Using RAID drives for storage can provide you with some measure of redundancy – but that does not mean that your data is completely protected and cannot be lost. The fact of the matter is while RAID drives provide safeguards against data loss, it is still a risk.
By understanding the common causes of data loss on RAID drives, you can take measures to avoid them. In some cases simply being aware of the risk can help you to preempt any data loss, or at very least take steps to make it possible to recover data afterwards.
Although there are quite a few different potential causes of data loss on RAID drives, the most common tend to be:
Damage to the hard drives
Essentially RAID drives are made up of individual hard drives – each of which could potentially be damaged at some point. In most cases this damage tends to be a simple case of regular wear and tear, typically when the drive head is damaged and it begins to affect the storage platter. Because of this is it important to keep tabs on the condition of the hard drives in the RAID, and replace any that are old or show early warning signs.
All too often data isn’t lost because of an issue with the RAID drive itself, but due to simple human error (i.e. accidentally deleting a file). Fortunately this is the often the easiest problem to correct if it is caught early, and simple recovery tools can help to restore the data if it hasn’t been overwritten.
Improper rebuild of RAID drive
Another common problem that leads to data loss is if a RAID rebuild is attempted improperly. Before a rebuild can be carried out, all the hard drives need to be present, in the right sequence, and working properly – but if they aren’t then carrying a rebuild could overwrite important data and cause it to be lost permanently.
RAID controller issues
One of the worst possible things that could happen is if your RAID controller itself fails, as you will be unable to access any data contained on your RAID drives if it does. The most common reason why RAID controllers sometimes fail is due to power surges, which is why you should have some form of surge protector (or possibly a UPS) that can help to shield it.

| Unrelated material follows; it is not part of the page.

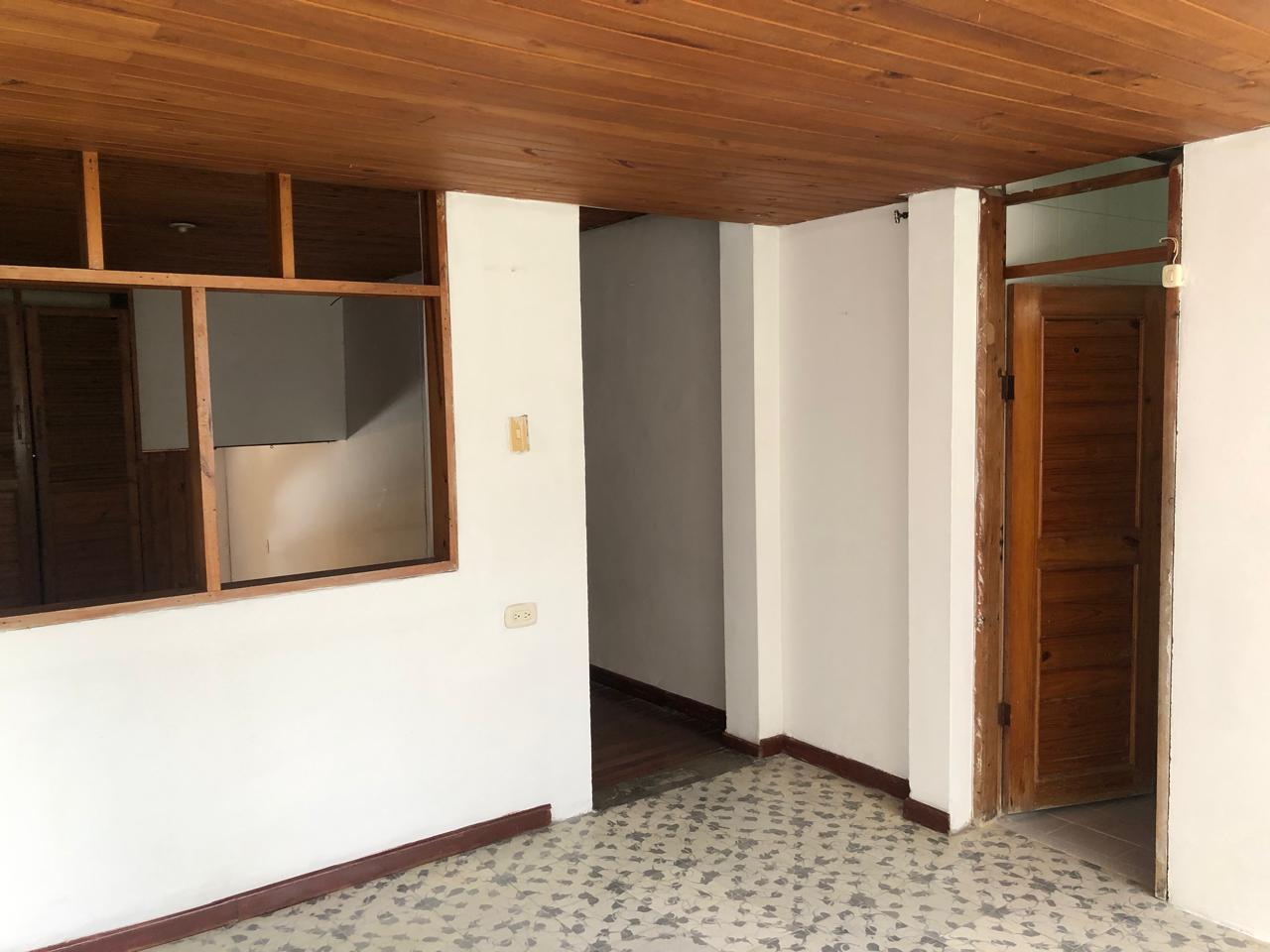 ARRIENDO APARTAESTUDIO BARRIO EL BOSQUE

Make no mistake there are several other causes you should be aware of, including viruses, circuit board malfunctions, or corrupted RAID configuration settings. Although these tend to be less common – they may affect the data on your RAID drives.
As you may have noticed, as much as you can take measures to reduce the risk of data loss from the common causes listed above – there is no way to absolutely guarantee it. That is why it is important that you backup the DATA that is on your raid drives regularly, so that even if issues arise you can restore it from the last backup.
Additionally in the event that you do lose important data you may want to consult a RAID recovery expert sooner rather than later. Acting slowly or taking the wrong steps will increase the risk that the data is permanently lost – and that is something that you would undoubtedly want to avoid.